Bernard Cornwell – 1815 06 Sharpe’s Waterloo

“I’m sure it’s the very best place to retrieve it.” Manvell felt a surge of pity for his friend. He had never realized till this moment just how Lord John’s honour had been trampled and destroyed.

“So tomorrow’s become rather important to me,” Lord John said. “Because tomorrow I can take my honour back by fighting well.” He smiled as if to soften the overdramatic words. “But to do it I’ll need a sword, and my spare blade is in Brussels. I suppose you don’t have one you could lend me?”

“With pleasure.”

Lord John stared into the drenching twilight. “I wish it was over. The rain, I mean,” he added hurriedly.

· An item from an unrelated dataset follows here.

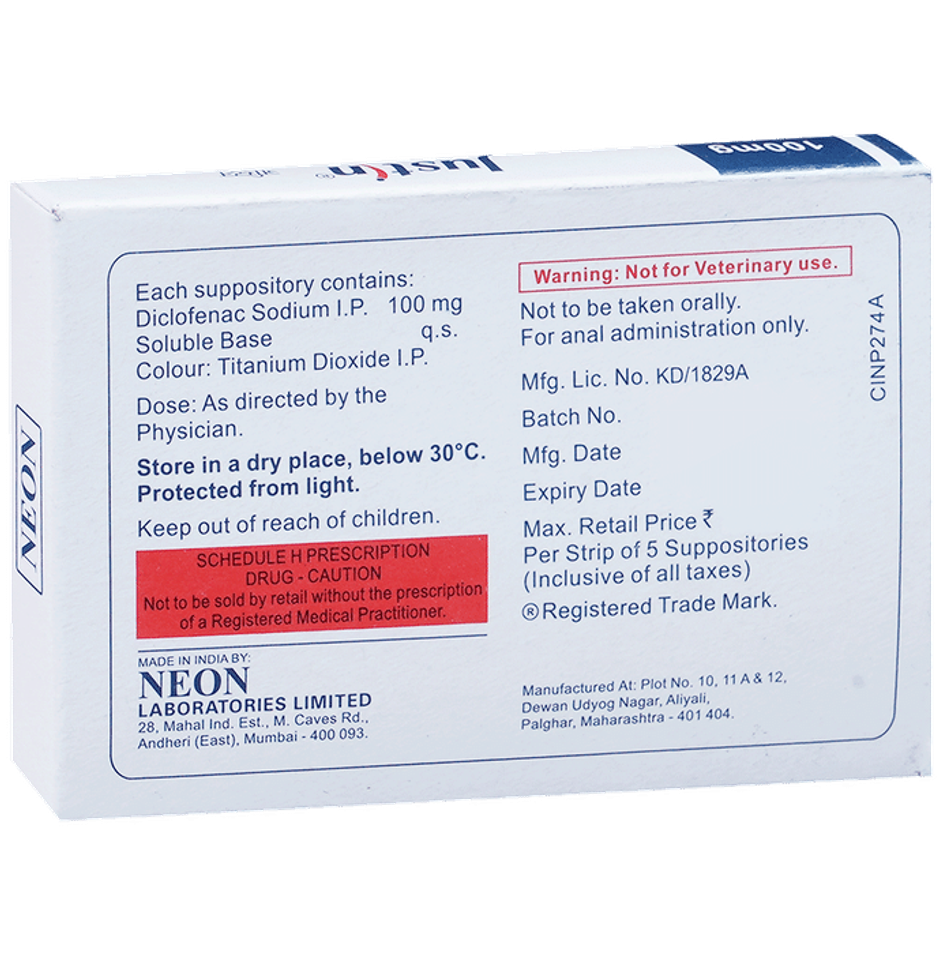 Justin 100mg Anal Suppository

“I think it’s slackening.”

Lightning flickered in the west, followed a few seconds later by thunder that crashed across the far sky like the passage of a cannon-ball. Laughter and singing sounded from a house further up the street, temporarily drowning the ominous and repetitive scraping noise of a stone putting an edge onto a sword. A dog howled in protest at the thunder and a horse whinnied from the stables behind the Earl of Uxbridge’s billet.

Lord John turned back into the house. He could retrieve his honour and he could retrieve Jane by becoming a hero. Tomorrow.

CHAPTER 12

Captain Harry Price, commander of the first company of the Prince of Wales’s Own Volunteers, climbed onto a makeshift platform constructed from spare ammunition boxes. In front of him, standing in the rain-soaked field, were forty or fifty infantry officers who had assembled from the various battalions bivouacked nearby. The last light was draining in the west, while the rain had slackened to a drizzle.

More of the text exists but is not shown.